天容は、その固まった扉をやさしく解き放ち、“自分らしい顔”を取り戻す経穴です。
現代にこそ必要な、“内面と外見の再接続ポイント”として活用してください。
英語
Small Intestine(SI)17
Tian Rong(Celestial Countenance)
天容(てんよう)
手の太陽小腸経17
The Small Intestine Meridian of Hand-Taiyang
天容
てんよう
tenyo
取穴部位
下顎角のすぐ後方、胸鎖乳突筋の前縁に取る。
患者に軽く顔を上に向けてもらい、下顎の角から胸鎖乳突筋の前縁をたどると、指先に自然な凹みが感じられる部位。
この部位は、頸部リンパ節に近接するため、押圧の強さには注意する。
筋肉
胸鎖乳突筋、顎二腹筋後腹
運動神経
副神経、頚神経叢筋枝、顔面神経(顎二腹筋後腹)
知覚神経
大耳介神経、頚横神経
血管
外頚動脈(表層に近く、注意を要する)

主治
・耳下腺炎、耳鳴り、難聴
・顔面神経麻痺、顎関節症、歯痛(特に下顎)
・顔のむくみ、頬の腫れ、口の歪み
・頸部リンパ節の腫れ、喉の詰まり感
・ストレスによる「顔に出る」症状全般(表情のこわばり、無表情など)
名前の由来(オリジナル解釈)
「天容」とは、文字通り「天の容(かたち)」を意味する。
顔の輪郭(容)や表情は、内面の状態や天から与えられた“本質”があらわれる場所。
このツボは顔(容)に現れる感情や神(精神)を整える“天の鏡”であり、内なる自己と外なる顔との一致を取り戻す要所といえる。
中医学的意義
・小腸経は「心」との関わりが深く、天容は心神の乱れが“顔”に現れるときの調整点。
・「容色不鮮(顔色が冴えない)」や「顔面浮腫」は、気血の滞りが“表面”に現れた証拠。

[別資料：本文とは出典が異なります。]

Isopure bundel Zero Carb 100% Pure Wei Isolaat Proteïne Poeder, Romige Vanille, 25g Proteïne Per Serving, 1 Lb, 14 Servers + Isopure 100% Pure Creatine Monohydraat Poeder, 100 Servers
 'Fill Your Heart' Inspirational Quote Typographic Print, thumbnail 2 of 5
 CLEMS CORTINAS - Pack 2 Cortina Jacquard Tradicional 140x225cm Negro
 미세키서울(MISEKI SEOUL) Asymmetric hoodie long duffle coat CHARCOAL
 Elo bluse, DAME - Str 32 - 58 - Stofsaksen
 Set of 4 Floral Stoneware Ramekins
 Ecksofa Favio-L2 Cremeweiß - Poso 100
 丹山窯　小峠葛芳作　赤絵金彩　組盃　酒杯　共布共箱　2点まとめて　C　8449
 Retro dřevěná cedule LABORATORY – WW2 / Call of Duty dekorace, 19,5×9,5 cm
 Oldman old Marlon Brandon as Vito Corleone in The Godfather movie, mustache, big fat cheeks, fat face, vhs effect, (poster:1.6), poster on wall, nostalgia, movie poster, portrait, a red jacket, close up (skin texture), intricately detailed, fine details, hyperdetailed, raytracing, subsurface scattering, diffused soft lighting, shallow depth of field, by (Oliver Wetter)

・天容は、この気血の停滞を緩め、“表(顔)”と“裏(心)”のバランスを回復する。
現代的応用と象徴的意味
・笑顔が出ない、顔がこわばる、愛想が作れない――これらはすべて“心の緊張”が顔に現れているサイン。
・天容は「感情と表情の架け橋」であり、頬や顎周囲の緊張を緩め、自然な微笑みを取り戻すサポートとなる。
・オンライン会議や人間関係のストレスで“顔が疲れている”現代人にとって、「顔を休ませる」場所でもある。
セルフケアのすすめ
・中指または人差し指で、天容をやさしく包み込むように触れ、深呼吸とともに3〜5秒静圧。
・鏡を見ながら行うことで、自己受容のワークにもつながる。
・「私は私のままで、美しい」と意識の言葉を添えると、心と顔がつながってくる。
補足
・頬骨や顎のライン、表情筋のバランスに関係するため、美容鍼でも注目されるツボ。
・“自分の顔に自信が持てない”“人前で表情が固まる”といった心身の症状に対し、意外なほど効果を発揮することがある。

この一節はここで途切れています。